Ibyar (Arabic: إبيار, romanized: Ibyār), also transliterated as Abyar or Ebiar or Ibiar, is a town in Gharbia Governorate of Egypt, on the Rosetta branch of the Nile.
Ibyar
إبيار Abyar | |
---|---|
Town | |
Coordinates: 30°50′18″N 30°51′50″E / 30.83844°N 30.86376°E[1] | |
Country | Egypt |
Governorate | Gharbia |
Elevation | 43 ft (13 m) |
Time zone | UTC+2 (EST) |
Etymology
editThe town name from the plural of Arabic: بير, lit. 'well', and was rendered in Coptic as Abior (Coptic: ⲁⲃⲓⲟⲣ), Hahshei (Coptic: ϩⲁϩϣⲏⲓ, lit. 'many wells') and Paporti (Coptic: ⲡⲁⲡⲱⲣϯ).[2]
History
editThe medieval writers Qalqashandi and Khalil ibn Shahin al-Zahiri cited Ibyar as the capital of the province Jazirah Bani Nasr.[3] The 14th-century writer Ibn Fadlallah al-Omari referred to Ibyar itself as the "Island of the Banu Nasr", describing it as "an island in the middle of the western arm of the Nile" and attributing its name to the tribe of the Banu Nasr, who had dominated the Nile Delta at one point before being defeated by the Berber Liwata tribe. After this defeat, the Banu Nasr had adopted a sedentary lifestyle in the area of Ibyar.[4]

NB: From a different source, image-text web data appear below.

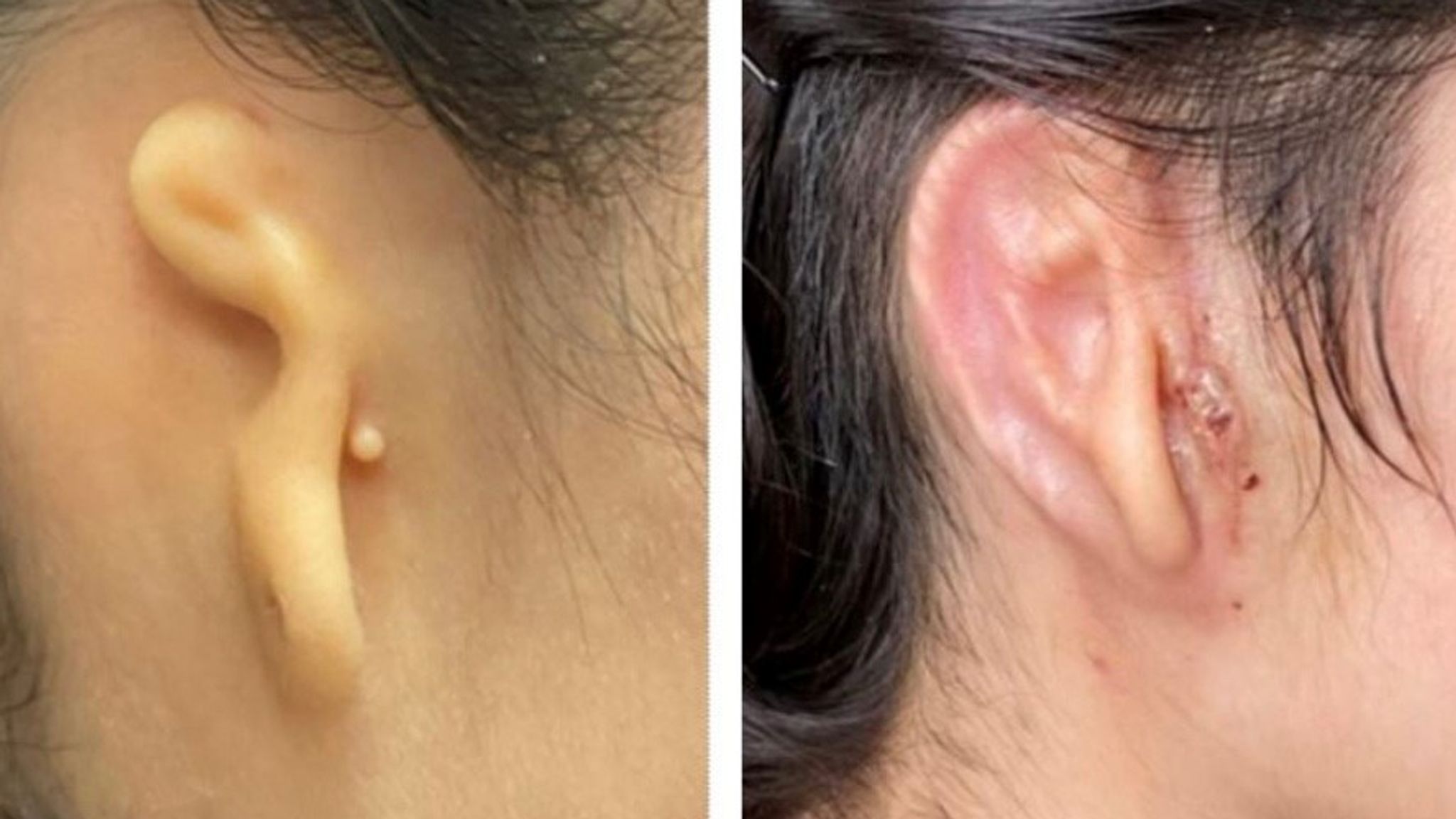 Telinga yang Dicetak 3D Dibuat dan Ditransplantasikan Dari Sel Hidup Pasien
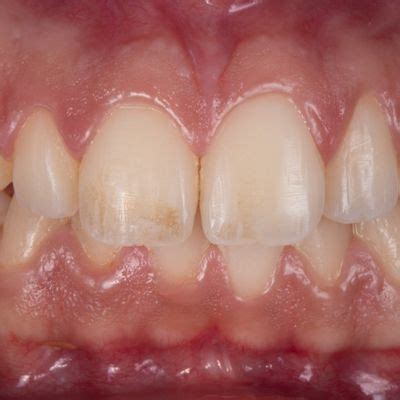 Casos Clínicos Clínica Ariaga A sua Clínica Dentária na Madeira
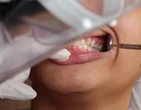 Descoberta substÃ¢ncia (secretada por fungos) para combater cÃ¡rie dental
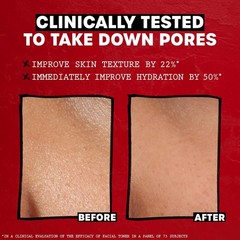 3oz Alcohol-Free Witch Hazel Toner for Hydration & Pore Reduction – Rose Scent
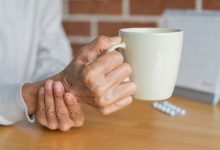 En un avance que podría cambiar la historia del tratamiento del Parkinson, un equipo médico en Estados Unidos ha iniciado un ensayo clínico pionero utilizando células madre obtenidas del propio paciente para reemplazar neuronas dañadas en el cerebro.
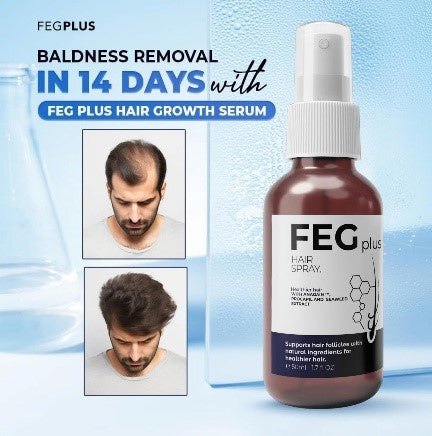 1FEG Plus Hair Growth Spray 50ml | Anti-Hair Loss & Regrowth Solution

At the time of the Rauk al-Nasiri, Ibyar belonged to the province of Monufia; al-Dimashqi, described Ibyar as part of the district of Tawwah. Ibn Battuta visited Ibyar during his travels in Egypt, and Qazwini described the town as a source of natron.[3]
In medieval times, Ibyar was noted for its linen industry. It produced a specialty called muḥarrar, described as "imitation silk".[5]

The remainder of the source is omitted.